■ **Task details**
Before printing, remove every picture; then print the lines below exactly, from the first line through the line containing "Front view of".

■ **Recorded information**
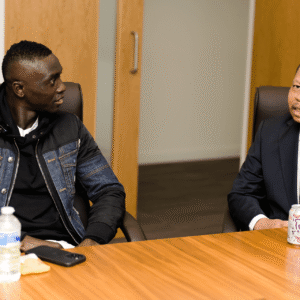Diaspora Insurance CEO Jeff Madzingo speaking while Papiss Ciss&eacute; listens attentively during a discussion on business and community leadership.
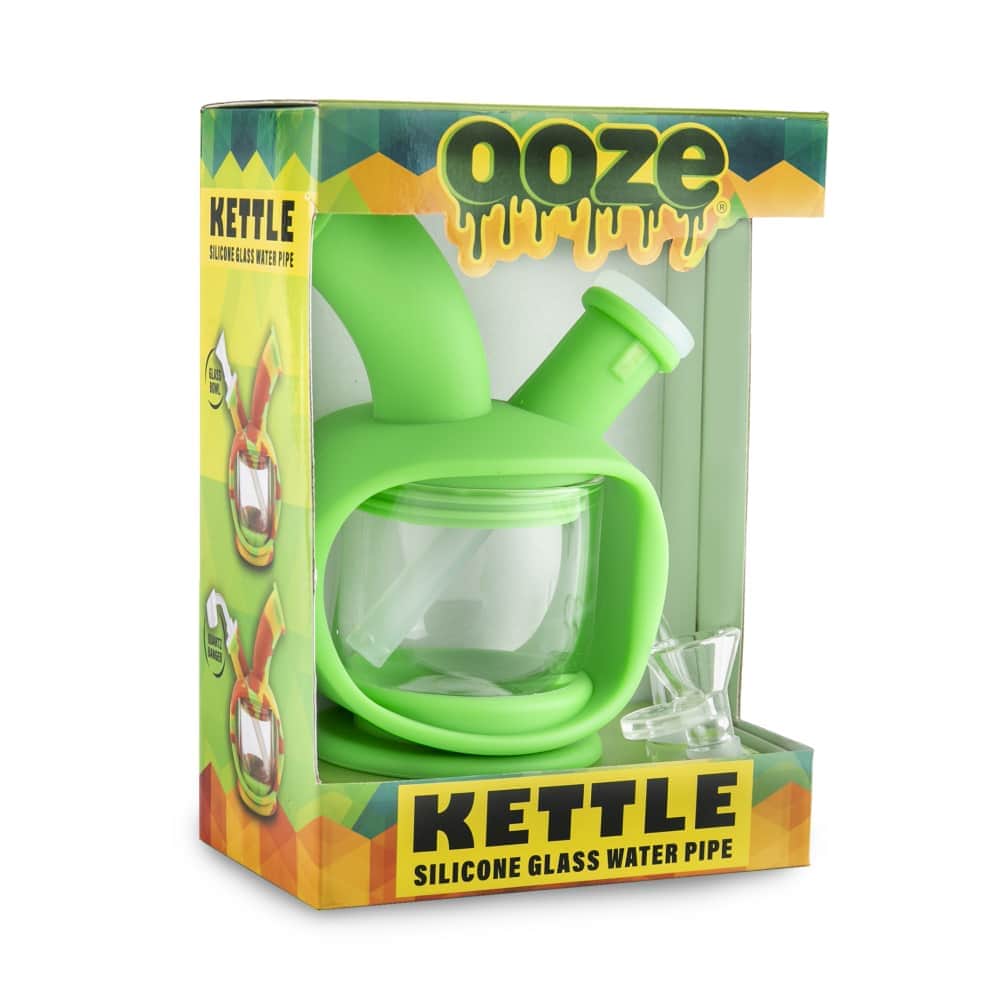 Front view of the Ooze Kettle Silicone Bubbler, showing its clear glass construction and compact size in branded packaging.
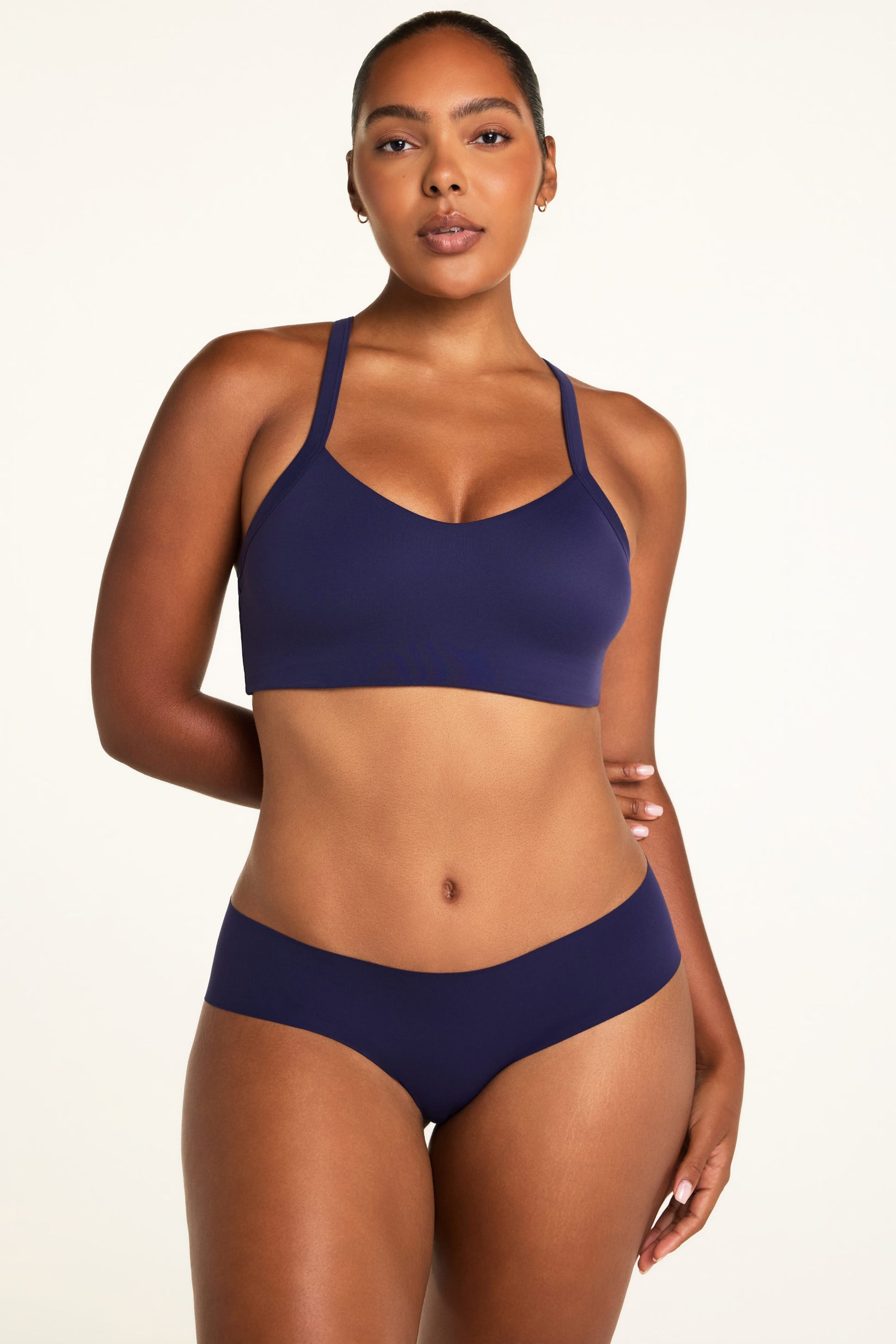 On a light studio backdrop, Amber wears the WhippedKnit V-Neck and No-Show Hiphugger, both in Noir, showing the V-neck top and smooth hiphugger with moderate back coverage.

■ **Answer to the exercise**
Diaspora Insurance CEO Jeff Madzingo speaking while Papiss Ciss&eacute; listens attentively during a discussion on business and community leadership.
 Front view of the Ooze Kettle Silicone Bubbler, showing its clear glass construction and compact size in branded packaging.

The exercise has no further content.